Exercise requirements: Where the data below begins, start retyping exactly, and end on the line with "but is now disclosed, and", which is included; no picture goes in.

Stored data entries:
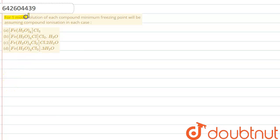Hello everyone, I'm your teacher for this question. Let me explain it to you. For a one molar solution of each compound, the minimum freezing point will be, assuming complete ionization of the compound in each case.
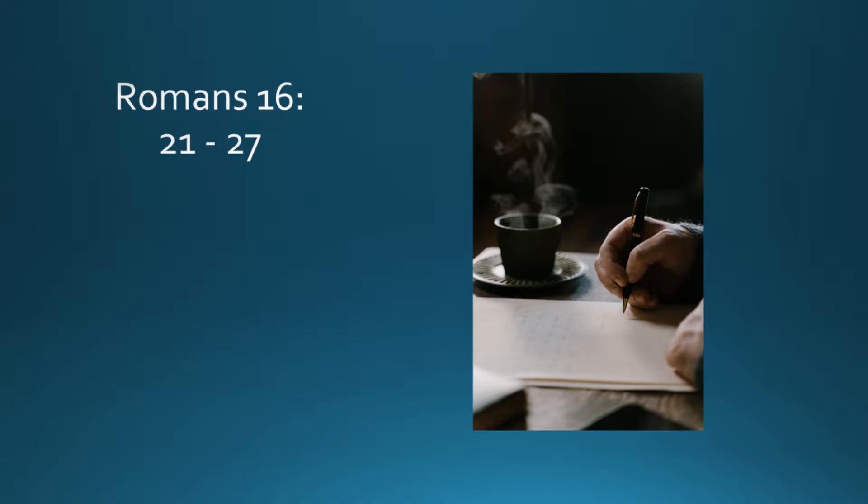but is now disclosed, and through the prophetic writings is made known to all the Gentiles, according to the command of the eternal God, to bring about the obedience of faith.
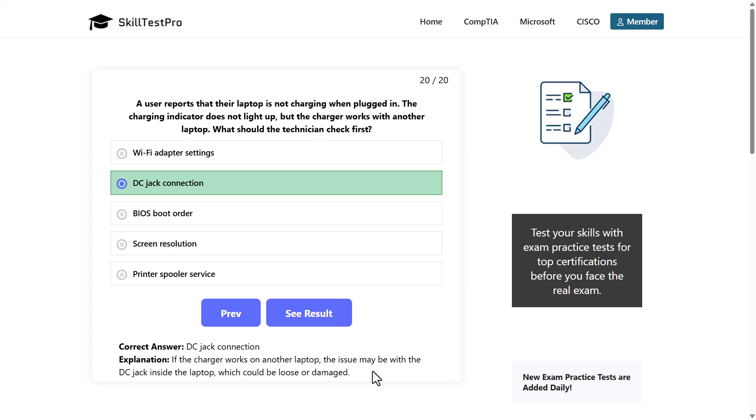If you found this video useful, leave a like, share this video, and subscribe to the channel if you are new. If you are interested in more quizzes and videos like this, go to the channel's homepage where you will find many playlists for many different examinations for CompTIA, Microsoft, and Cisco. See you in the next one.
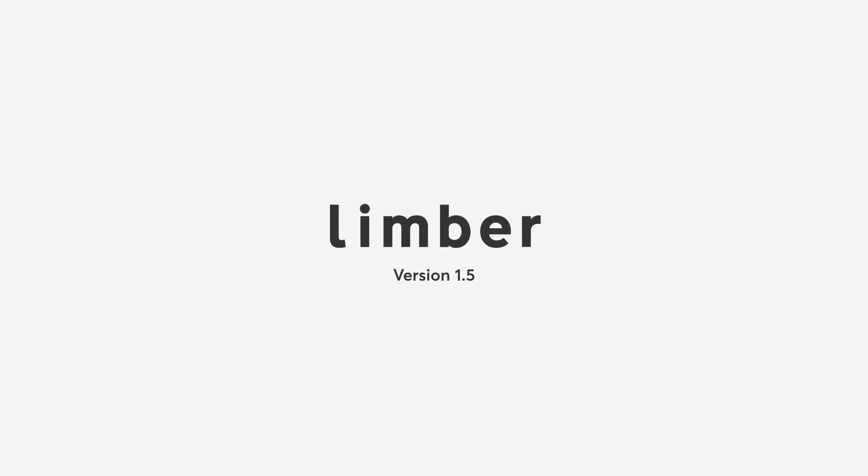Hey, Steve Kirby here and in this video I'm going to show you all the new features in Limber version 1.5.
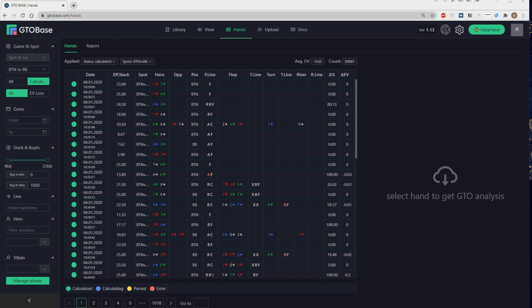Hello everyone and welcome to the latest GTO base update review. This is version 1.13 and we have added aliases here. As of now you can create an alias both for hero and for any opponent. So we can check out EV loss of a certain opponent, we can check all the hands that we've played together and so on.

Answer for this exercise:
Hello everyone, I'm your teacher for this question. Let me explain it to you. For a one molar solution of each compound, the minimum freezing point will be, assuming complete ionization of the compound in each case.
but is now disclosed, and through the prophetic writings is made known to all the Gentiles, according to the command of the eternal God, to bring about the obedience of faith.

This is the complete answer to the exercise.